British actor accomplished in classical theater, film and television series. Invited to join the National Theatre Company by Lawrence Olivier himself, Jacobi has established his place as one of the finest players on the English speaking stage. Keeping a low profile off-stage, the actor is able to project effective characters with much naturalism on stage. Jacobi earned his acting prowess in England in the 1960s and dazzled American audiences later in his TV performance as the stuttering monarch in "I, Claudius," 1977. In June 1985, he won a Tony award for his performance in "Much Ado About Nothing."

Jacobi wanted to be an actor from a very young age. His parents, Alfred and Daisy Jacobi, had no personal knowledge of the stage but encouraged their son to pursue his dreams. His father left school at 14 to work in a department store where he eventually went into management. His mother, Daisy worked as a secretary all her life up until her death in 1980. Jacobi lacked self-confidence as a child and today, marvelous at how his shyness and determination led to the British stage. At 19, he made his stage debut as Hamlet in the English National Youth Theater production. With his performance as the Dane, Jacobi was offered a full scholarship to Cambridge University to further his technical skills. In 1960, Jacobi made his professional stage debut as a member of the Birmingham Repertory Theater. He spent three years with the company before leaving to the National and Lawrence Olivier from 1963 to 1971.

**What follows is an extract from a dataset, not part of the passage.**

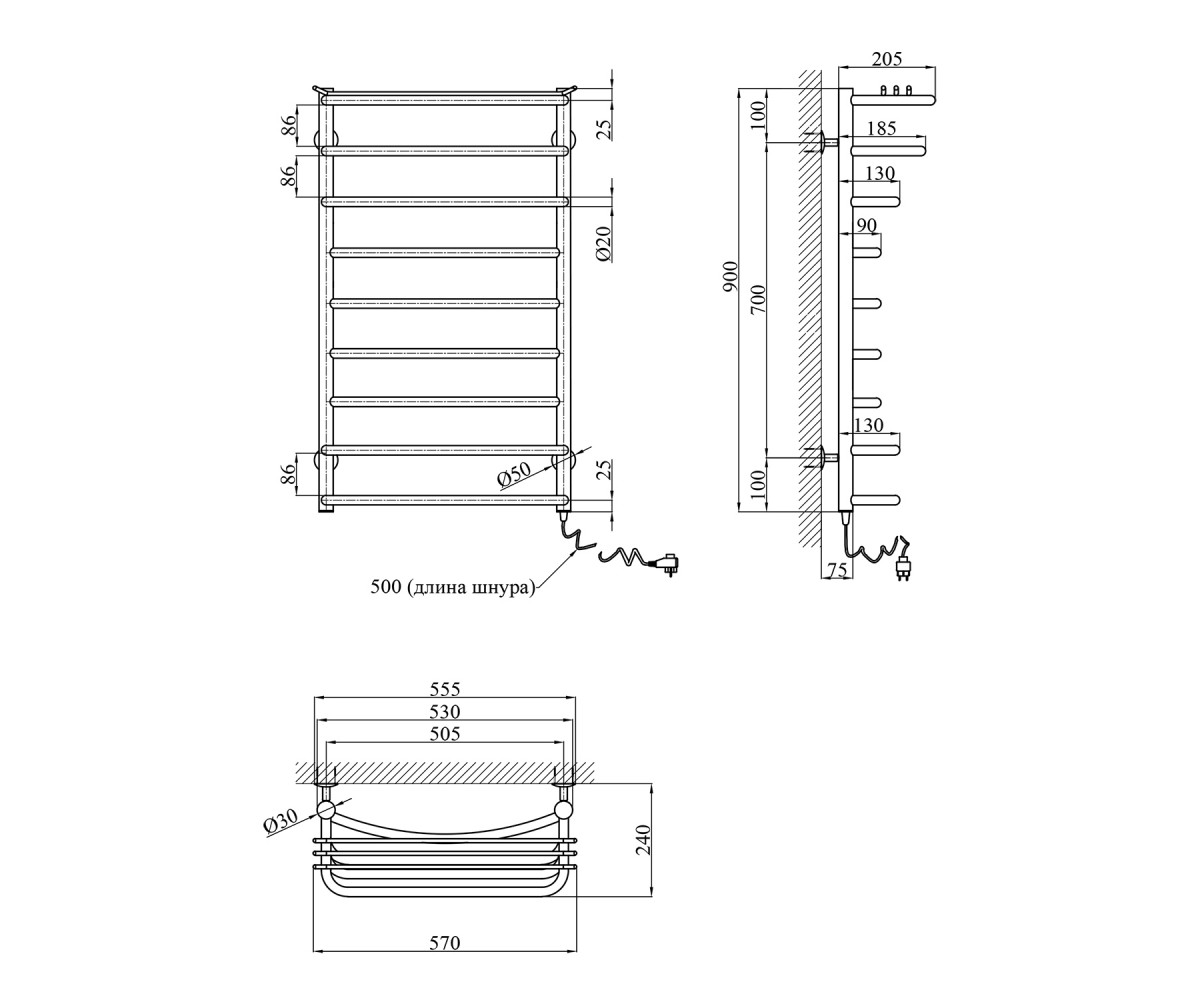 Полотенцесушитель  КАННА DK9050-9ER:Чертеж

Under the wing of the master, Jacobi was chewed out for being too humble at curtain calls. He needed to take applause with more pizzazz. Jacobi found artistic inspiration from the techniques of Richard Burton with his Welsh voice and strong stature. In 1965, he made his film debut in "Othello" starring Olivier and directed by Stuart Burge. On 11/06/1977, the "I, Claudius" series began on Masterpiece Theater on the American Public Broadcasting Service. In 1979, Jacobi conquered Broadway with his lead performance in "Richard II." He came back to Broadway with Sinead Cusack in 1984 and electrified the audience in "Cyrano de Bergerac" and Shakespeare's "Much Ado About Nothing." In 1987, after a successful run in the West End, Jacobi performed Hugh Whitemore's "Breaking the Code." Even though the actor tends to be recognized for his classical theater works, he has played film roles that have delighted movie critics such as in "Little Dorrit," 1988 and Kenneth Branagh's "Henry V" in 1989. Looking back on his successful career, Jacobi prefers to be back in the position of the young, promising actor than the recognized lion who must prove himself to an audience year after year.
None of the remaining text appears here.